From: Steve Howell on
On Jan 26, 11:34 pm, Arnaud Delobelle <arno...(a)googlemail.com> wrote:
> Steve Howell <showel...(a)yahoo.com> writes:
> > On Jan 25, 1:32 pm, Arnaud Delobelle <arno...(a)googlemail.com> wrote:
> >> Steve Howell <showel...(a)yahoo.com> writes:
>
> >> [...]
>
> >> > My algorithm does exactly N pops and roughly N list accesses, so I
> >> > would be going from N*N + N to N + N log N if switched to blist.
>
> >> Can you post your algorithm?  It would be interesting to have a concrete
> >> use case to base this discussion on.
>
> > I just realized you meant the Python code itself.  It is here:
>
> >https://bitbucket.org/showell/shpaml_website/src/tip/shpaml.py
>
> Hi - I didn't have the time to look at it before today.  You scan
> through a list called prefix_lines, and you use pop(0) as a means to
> keep track of your position in this list.  It seems to me that it would
> be more effective to explicitely keep track of it - and it would remove
> the need to the numerous copies of sublists of indent_lines that you
> have to create.
>
> I have rewritten part of the three relevant functions (html_block_tag,
> get_indented_block and recurse, within indent_lines) to show you what I
> mean (see below).  I have tried to keep the changes to a minimum - you
> can see that the code is no more complex like this.  The advantage is
> that only one list is created, prefix_lines, and there is no need to
> mutate it or copy parts of it during the algorithm.  I have not had the
> time to test it though (only on one of the examples on the examples
> webpage).
>
> Code follows:
>
> [...]
>
> def html_block_tag(output, block, start, end, recurse):
>     append = output.append
>     prefix, tag = block[start]
>     if RAW_HTML.regex.match(tag):
>         append(prefix + tag)
>         recurse(block, start + 1, end)
>     else:
>         start_tag, end_tag = apply_jquery_sugar(tag)
>         append(prefix + start_tag)
>         recurse(block, start + 1, end)
>         append(prefix + end_tag)
>
> [...]
>
> def get_indented_block(prefix_lines, start, end):
>     prefix, line = prefix_lines[start]
>     len_prefix = len(prefix)
>     i = start + 1
>     while i < end:
>         new_prefix, line = prefix_lines[i]
>         if line and len(new_prefix) <= len_prefix:
>             break
>         i += 1
>     while i-1 > start and prefix_lines[i-1][1] == '':
>         i -= 1
>     return i
>
> [...]
>
> def indent_lines(lines,
>             output,
>             branch_method,
>             leaf_method,
>             pass_syntax,
>             flush_left_syntax,
>             flush_left_empty_line,
>             indentation_method,
>             get_block,
>             ):
>     append = output.append
>     def recurse(prefix_lines, start, end):
>         while start < end:
>             prefix, line = prefix_lines[start]
>             if line == '':
>                 start += 1
>                 append('')
>             else:
>                 block_end = get_block(prefix_lines, start, end)
>                 if block_end == start + 1:
>                     start += 1
>                     if line == pass_syntax:
>                         pass
>                     elif line.startswith(flush_left_syntax):
>                         append(line[len(flush_left_syntax):])
>                     elif line.startswith(flush_left_empty_line):
>                         append('')
>                     else:
>                         append(prefix + leaf_method(line))
>                 else:
>                     branch_method(output, prefix_lines, start, block_end, recurse)
>                     start = block_end
>         return
>     prefix_lines = map(indentation_method, lines)
>     recurse(prefix_lines, 0, len(prefix_lines))

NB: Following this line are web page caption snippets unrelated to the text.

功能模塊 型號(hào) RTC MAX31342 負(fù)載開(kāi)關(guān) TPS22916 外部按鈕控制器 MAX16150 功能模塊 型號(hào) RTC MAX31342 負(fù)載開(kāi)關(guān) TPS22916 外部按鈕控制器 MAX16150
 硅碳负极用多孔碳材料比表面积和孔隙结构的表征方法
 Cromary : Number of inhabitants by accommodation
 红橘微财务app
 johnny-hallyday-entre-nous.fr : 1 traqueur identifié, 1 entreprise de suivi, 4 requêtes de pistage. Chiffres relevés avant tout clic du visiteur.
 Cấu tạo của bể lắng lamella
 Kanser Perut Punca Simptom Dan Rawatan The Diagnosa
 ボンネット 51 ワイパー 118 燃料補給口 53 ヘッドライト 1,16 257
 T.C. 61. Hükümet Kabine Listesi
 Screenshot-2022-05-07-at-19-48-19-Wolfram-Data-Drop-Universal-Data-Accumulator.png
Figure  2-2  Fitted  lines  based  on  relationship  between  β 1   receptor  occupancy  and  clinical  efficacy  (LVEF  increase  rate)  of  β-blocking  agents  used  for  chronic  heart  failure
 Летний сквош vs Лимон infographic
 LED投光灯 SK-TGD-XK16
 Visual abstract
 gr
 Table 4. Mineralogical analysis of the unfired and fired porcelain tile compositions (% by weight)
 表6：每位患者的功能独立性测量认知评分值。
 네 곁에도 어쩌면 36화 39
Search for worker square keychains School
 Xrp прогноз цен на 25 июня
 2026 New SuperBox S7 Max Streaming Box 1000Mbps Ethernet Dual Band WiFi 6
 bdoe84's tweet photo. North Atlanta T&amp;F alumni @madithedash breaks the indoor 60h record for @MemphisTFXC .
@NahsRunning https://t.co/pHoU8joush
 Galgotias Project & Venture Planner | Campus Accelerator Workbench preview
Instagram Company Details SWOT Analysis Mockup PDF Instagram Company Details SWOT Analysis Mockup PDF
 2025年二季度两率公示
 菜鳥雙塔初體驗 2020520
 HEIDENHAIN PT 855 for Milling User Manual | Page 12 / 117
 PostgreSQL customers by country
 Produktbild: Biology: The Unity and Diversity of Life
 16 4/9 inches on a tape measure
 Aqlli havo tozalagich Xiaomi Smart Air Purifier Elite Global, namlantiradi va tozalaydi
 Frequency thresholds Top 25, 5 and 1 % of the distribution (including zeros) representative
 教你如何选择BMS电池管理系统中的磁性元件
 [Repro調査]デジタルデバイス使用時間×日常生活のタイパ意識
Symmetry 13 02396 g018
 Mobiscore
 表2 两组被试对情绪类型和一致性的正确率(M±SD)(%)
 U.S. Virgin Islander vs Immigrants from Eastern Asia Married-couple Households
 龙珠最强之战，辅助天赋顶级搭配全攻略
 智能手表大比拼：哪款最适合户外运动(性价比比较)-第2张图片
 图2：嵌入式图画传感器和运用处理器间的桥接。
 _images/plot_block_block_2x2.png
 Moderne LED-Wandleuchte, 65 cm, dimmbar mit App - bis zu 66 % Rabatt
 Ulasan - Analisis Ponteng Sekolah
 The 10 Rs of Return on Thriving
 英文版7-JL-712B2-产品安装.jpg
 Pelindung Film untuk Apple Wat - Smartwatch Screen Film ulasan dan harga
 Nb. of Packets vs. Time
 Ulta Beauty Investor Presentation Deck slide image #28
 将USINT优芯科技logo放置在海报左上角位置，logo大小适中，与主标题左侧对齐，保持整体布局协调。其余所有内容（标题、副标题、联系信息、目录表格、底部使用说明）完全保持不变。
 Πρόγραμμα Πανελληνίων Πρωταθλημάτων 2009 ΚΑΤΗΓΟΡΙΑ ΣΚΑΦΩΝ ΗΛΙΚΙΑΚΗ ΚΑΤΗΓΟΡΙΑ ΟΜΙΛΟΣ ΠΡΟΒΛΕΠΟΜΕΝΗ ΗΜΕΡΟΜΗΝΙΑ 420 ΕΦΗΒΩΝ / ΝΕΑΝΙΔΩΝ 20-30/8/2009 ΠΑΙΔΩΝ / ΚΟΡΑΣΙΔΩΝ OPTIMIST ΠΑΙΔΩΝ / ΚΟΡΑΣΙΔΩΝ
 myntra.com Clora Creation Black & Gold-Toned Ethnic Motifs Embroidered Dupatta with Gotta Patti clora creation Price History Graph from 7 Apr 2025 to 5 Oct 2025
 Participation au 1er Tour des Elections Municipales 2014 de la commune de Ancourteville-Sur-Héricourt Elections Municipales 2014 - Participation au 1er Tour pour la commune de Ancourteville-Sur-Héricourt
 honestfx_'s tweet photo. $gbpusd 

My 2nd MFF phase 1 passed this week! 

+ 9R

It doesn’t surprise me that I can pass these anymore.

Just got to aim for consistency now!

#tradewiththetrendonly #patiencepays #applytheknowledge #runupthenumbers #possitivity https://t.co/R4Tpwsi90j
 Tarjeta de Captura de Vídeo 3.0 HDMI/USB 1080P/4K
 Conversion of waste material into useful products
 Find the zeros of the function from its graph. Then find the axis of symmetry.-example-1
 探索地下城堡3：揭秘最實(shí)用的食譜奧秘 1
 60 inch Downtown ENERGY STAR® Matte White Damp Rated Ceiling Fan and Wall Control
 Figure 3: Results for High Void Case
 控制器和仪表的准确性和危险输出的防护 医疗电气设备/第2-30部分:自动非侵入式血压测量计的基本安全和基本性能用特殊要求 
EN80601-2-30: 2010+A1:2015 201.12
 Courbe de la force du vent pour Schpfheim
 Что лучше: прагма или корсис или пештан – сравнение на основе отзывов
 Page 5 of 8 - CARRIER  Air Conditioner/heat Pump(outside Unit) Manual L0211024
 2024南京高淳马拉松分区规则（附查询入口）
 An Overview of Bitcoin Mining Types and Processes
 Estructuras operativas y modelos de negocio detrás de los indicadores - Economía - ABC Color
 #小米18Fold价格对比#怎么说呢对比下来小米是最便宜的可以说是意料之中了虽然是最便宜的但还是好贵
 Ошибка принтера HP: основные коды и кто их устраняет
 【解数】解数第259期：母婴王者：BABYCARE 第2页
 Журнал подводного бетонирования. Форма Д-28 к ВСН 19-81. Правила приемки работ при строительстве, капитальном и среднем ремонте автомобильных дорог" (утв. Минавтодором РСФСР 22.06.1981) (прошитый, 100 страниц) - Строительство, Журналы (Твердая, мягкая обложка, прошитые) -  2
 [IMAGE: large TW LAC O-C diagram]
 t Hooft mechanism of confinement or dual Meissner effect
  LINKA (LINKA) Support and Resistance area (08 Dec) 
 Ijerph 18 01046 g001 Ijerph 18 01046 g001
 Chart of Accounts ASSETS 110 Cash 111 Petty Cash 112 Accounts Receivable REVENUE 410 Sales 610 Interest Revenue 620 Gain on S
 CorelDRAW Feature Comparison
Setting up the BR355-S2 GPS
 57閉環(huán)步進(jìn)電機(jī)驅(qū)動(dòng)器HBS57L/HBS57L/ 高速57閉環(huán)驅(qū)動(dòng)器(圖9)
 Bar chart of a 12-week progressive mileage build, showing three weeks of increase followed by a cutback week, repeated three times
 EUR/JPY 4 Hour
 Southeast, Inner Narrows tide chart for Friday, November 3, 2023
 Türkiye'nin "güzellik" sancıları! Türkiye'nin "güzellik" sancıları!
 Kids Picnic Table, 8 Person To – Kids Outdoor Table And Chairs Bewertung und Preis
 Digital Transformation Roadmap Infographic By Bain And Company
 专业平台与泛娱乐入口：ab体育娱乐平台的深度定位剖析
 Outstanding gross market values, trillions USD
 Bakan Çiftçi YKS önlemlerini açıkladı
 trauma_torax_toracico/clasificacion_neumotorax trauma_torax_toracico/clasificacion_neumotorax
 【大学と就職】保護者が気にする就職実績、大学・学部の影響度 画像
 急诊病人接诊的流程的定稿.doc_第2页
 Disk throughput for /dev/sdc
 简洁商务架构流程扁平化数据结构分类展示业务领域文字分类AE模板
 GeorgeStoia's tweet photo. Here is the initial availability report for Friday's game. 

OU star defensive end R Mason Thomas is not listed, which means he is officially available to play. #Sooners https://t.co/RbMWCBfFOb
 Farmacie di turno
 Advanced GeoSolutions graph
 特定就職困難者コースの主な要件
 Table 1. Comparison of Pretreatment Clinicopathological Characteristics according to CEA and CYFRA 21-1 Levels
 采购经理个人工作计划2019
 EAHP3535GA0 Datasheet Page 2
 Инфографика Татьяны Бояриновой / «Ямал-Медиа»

I think your rewrite makes sense for the way that Python is
implemented today.

Instead of mutating the list as you consume elements, you propose to
advance the "start" variable, which is essentially a pointer.

There are only two disadvantage of the "start" approach that I can
think of:

1) You have to pass around two parameters where before there was
only one. (Aside: for stylistic concerns, would you bundle them in a
tuple, since they kind of go hand in hand?)
2) You hold on to memory from the elements longer.

Pushing this complexity down into CPython of course would have similar
disadvantages:

1) you have to store two pointers where before there was only one
2) you hold on to memory from pointers to orphaned elements longer

Disadvantage #1 is more than offset by the fact that you would have
had to waste memory with the "start" in the Python program.

Disadvantage #2 is offset by the fact that you would have been holding
on to the elements themselves in the Python program.

Admittedly this a pretty narrow context where pushing the logic down
into CPython gains overall simplicity and performance. Disadvantage
#1 is the sticky point when you consider the patch in the broader
context of all programs.

Thanks for looking at the code, by the way.